La actual franja costera que se extiende entre los departamentos de La Libertad y Lambayeque se formó hace aproximadamente cien millones de años, cuando la antigua costa peruana se hundió en el océano, llevándose consigo un centenar de kilómetros de la actual plataforma y talud continental. Este fenómeno aceleró la erosión de los ríos costeros, ensanchó sus valles, profundizó sus cauces y amplió sus cursos, abriendo un breve espacio para la vida. El resultado es una extensa franja desértica salpicada por verdaderos oasis que conforman ríos como Moche, Virú, Jequetepeque, La Leche y Zaña. En estos valles, estrechos y extremadamente fértiles, el hombre logró un impresionante desarrollo social que culminó en los señoríos de Mochica, Chimú y Lambayeque, soberanos absolutos de gran parte del norte peruano en sucesivos periodos históricos.

Pero partamos en un viaje imaginario a través de este territorio de contrastes desde el mar, como llegados en una balsa de madera, al igual que lo hiciera el mítico Naylamp o Tacaynamo, antiguas divinidades norteñas que -según cuenta la leyenda- llegaron de muy lejos para reinar sobre la hostilidad.
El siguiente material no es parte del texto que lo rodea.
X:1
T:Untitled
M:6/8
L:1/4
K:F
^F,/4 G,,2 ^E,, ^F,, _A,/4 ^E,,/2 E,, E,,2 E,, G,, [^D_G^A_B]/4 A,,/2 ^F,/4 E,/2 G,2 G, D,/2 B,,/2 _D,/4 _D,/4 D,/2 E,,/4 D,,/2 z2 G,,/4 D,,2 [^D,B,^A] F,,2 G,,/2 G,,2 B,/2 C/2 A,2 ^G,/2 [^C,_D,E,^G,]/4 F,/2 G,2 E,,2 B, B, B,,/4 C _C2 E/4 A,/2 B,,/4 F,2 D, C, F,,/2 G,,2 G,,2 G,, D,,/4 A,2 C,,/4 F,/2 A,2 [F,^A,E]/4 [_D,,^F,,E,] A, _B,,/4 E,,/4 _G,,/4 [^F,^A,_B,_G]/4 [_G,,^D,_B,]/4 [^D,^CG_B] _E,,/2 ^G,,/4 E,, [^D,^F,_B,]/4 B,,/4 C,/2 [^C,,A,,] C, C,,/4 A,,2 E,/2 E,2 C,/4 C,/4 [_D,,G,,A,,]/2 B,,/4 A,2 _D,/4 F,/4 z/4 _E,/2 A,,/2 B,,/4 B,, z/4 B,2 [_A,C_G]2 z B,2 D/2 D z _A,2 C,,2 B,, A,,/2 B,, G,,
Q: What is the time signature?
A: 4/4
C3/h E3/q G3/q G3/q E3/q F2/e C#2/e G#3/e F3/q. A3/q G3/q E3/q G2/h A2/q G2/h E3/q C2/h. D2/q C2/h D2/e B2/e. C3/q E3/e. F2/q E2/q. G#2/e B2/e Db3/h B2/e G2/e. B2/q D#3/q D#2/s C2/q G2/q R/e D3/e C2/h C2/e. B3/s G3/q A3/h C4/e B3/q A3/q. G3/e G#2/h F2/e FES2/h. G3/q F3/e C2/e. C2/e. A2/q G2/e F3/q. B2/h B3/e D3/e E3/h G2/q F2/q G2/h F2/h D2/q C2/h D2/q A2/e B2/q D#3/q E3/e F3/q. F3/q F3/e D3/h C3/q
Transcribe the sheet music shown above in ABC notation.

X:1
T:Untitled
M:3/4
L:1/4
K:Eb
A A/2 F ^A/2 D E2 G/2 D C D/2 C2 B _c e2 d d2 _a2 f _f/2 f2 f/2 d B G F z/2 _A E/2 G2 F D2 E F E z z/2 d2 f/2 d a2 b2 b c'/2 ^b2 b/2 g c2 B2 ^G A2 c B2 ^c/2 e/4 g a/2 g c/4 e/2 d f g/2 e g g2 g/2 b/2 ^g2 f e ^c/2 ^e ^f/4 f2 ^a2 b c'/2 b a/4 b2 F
Anclemos pues nuestra embarcación en una solitaria playa de este sinuoso litoral y dirijámonos hacia el levante en busca de los seres que habitan entre las dunas y los algarrobos.

De norte a sur, encontraremos primero una extensa lengua de arena de cien kilómetros de ancho: el extremo meridional del desierto de Sechura, uno de los lugares más áridos del planeta, ubicado entre los departamentos de Piura y Lambayeque. Esta región baldía se angosta significativamente hacia el puerto de San José, que marca el inicio de los valles de Lambayeque, Zaña y La Leche, donde se encuentra la ciudad de Chiclayo. A pesar de que el 63% del territorio de Lambayeque está dominado por el desierto, es uno de los territorios más fértiles del país, a causa de la periódica disponibilidad del agua y su relieve de suaves pendientes que ha hecho posible grandes obras de irrigación.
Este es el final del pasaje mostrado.